(Sharecast News) - FirstGroup has arranged less onerous banking covenants for the next year to give it more flexibility during the Covid-19 crisis.
The bus and rail operator said its banks and private placement lenders had agreed that net debt could be less than 5.5 times earnings at the end of March and 4.5 times in September 2021 compared to 3.75 times normally. At both testing dates the fixed charge covenant will be more than 1.0 times compared to 1.4 times normally.

Net debt including rail ringfenced cash will not exceed £2bn during the period and FirstGroup will keep minimum liquidity of £150m, it said.

Britain's biggest bus company has been battered by the Covid-19 crisis, which has caused passenger numbers to plunge at its rail and bus services. It has continued trading with the help of the UK government after swinging to a first-half loss.

FirstGroup said it expected to meet its covenant tests for 30 September 2020 and that it continued to expect a small adjusted operating profit for the first half of the current year. The company's shares, down by almost two-thirds in 2020, rose 6.2% to 48p at 08:40 GMT.
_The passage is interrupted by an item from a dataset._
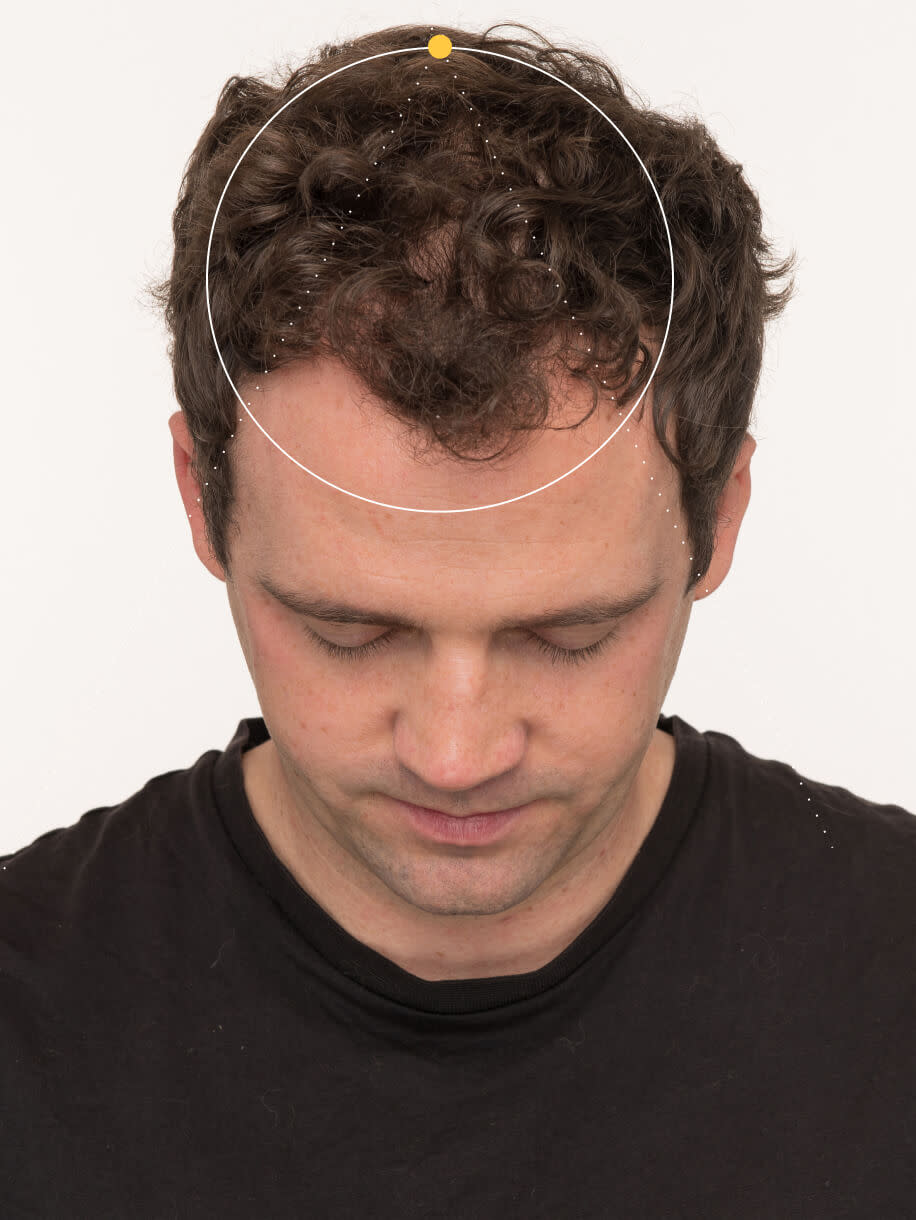 Brian 3 months into taking Nutrafol Men Hair Growth Nutraceutical. Results are from a clinical study and may vary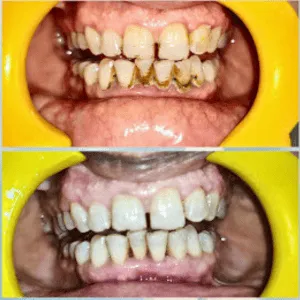 Scaling and cleaning before and after transformation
"However, whilst the board is confident that the balance sheet is now robust in a range of downside scenarios, as a matter of prudence the group determined that it is an appropriate point to secure enhanced financial flexibility from its lenders for the next two covenant testing dates, covering the typical period of twelve months," FirstGroup said.

Free cash before rail ringfenced cash and undrawn committed banking facilities remained "broadly stable" at about £810m on 6 November, the company said.

"The group will continue to take all prudent and appropriate action to ensure that it emerges from the pandemic in the most robust position possible in order to best serve our communities and deliver on our strategic plans," FirstGroup said.